Word for word, set down every line of the entries below from the line with "Ecco Black Leather Buckle Slip-On Loafers" to the line with "NWT Free People", including both, and no other line.

*** Supplied data ***

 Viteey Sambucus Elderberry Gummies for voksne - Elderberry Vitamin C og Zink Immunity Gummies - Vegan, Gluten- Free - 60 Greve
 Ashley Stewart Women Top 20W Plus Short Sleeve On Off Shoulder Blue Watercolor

*** End of Supplied data ***
*** Supplied data ***

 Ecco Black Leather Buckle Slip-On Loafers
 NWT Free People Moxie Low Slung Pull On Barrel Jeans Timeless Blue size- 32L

*** End of Supplied data ***

_Expected answer_
 Ecco Black Leather Buckle Slip-On Loafers
 NWT Free People Moxie Low Slung Pull On Barrel Jeans Timeless Blue size- 32L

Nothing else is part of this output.